PROBLEM
Every line in the entries that holds "Chapter" should be identified and copied.

DATA SUPPLIED

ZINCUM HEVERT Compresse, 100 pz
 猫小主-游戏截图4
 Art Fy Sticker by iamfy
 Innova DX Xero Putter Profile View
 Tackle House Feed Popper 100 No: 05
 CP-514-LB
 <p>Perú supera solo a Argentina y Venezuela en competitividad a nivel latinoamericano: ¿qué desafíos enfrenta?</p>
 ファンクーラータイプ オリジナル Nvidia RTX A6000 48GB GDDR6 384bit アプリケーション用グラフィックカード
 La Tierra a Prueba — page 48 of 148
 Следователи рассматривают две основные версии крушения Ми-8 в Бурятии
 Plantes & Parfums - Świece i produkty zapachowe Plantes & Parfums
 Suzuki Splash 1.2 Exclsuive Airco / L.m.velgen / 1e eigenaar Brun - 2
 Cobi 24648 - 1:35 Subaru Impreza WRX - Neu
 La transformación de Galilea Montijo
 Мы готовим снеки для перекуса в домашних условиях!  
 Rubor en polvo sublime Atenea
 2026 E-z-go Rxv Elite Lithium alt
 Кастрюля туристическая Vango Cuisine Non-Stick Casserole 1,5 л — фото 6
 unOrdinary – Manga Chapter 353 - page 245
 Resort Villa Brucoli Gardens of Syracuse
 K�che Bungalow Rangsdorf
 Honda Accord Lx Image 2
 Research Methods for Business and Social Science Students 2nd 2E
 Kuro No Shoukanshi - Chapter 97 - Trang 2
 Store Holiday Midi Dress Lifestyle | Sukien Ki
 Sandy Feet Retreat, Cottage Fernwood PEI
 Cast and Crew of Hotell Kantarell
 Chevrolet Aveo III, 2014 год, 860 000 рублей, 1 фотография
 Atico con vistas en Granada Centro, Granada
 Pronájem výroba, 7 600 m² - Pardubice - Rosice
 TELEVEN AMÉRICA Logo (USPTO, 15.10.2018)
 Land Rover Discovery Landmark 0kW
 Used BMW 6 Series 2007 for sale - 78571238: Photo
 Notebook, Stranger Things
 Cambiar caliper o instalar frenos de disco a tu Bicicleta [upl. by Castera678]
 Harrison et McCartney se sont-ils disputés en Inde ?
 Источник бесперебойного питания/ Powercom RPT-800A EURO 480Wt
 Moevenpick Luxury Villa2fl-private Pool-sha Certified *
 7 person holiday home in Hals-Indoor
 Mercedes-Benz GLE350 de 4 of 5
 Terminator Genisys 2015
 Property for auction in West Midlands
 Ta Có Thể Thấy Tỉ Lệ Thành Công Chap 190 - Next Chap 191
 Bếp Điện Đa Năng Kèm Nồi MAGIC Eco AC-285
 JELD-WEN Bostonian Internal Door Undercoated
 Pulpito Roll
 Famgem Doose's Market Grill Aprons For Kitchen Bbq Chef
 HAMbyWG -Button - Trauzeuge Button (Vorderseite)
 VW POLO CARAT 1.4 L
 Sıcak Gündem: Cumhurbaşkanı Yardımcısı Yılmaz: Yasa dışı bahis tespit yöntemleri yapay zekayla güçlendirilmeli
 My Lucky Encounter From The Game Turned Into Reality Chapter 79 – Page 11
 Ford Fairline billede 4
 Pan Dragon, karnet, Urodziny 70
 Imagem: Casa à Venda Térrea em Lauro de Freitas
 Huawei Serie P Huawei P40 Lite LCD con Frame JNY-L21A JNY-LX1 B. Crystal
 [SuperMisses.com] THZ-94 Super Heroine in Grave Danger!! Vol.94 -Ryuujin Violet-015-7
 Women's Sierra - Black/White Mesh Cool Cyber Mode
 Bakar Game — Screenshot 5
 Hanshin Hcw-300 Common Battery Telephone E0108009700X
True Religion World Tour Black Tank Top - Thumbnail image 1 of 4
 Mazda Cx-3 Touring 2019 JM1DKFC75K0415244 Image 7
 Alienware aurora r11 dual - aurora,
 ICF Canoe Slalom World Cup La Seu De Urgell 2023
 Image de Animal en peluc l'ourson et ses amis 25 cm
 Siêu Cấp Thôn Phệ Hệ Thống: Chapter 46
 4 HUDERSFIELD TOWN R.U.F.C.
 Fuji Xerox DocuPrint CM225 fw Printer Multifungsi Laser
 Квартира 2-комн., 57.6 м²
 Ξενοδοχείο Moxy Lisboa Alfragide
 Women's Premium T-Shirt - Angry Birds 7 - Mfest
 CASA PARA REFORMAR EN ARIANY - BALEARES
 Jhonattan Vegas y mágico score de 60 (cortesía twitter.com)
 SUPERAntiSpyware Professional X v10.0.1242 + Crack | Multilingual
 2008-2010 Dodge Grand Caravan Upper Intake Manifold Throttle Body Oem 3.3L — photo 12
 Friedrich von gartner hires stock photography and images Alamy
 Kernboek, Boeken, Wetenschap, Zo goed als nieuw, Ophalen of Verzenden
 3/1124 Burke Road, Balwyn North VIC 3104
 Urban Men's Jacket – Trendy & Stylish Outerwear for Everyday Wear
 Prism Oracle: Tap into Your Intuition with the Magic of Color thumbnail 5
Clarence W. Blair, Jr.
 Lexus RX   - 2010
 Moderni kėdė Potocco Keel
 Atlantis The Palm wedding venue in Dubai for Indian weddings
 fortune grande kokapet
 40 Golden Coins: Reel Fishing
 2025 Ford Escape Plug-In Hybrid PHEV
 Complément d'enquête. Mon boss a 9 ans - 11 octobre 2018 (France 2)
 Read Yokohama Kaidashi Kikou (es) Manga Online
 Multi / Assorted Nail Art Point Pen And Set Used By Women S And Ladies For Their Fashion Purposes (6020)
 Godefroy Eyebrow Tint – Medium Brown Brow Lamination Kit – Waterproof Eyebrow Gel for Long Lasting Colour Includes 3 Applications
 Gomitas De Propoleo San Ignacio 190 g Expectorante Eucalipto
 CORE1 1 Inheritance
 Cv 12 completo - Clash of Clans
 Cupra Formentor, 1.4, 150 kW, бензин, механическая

OUTPUT
 unOrdinary – Manga Chapter 353 - page 245
 Kuro No Shoukanshi - Chapter 97 - Trang 2
 My Lucky Encounter From The Game Turned Into Reality Chapter 79 – Page 11
 Siêu Cấp Thôn Phệ Hệ Thống: Chapter 46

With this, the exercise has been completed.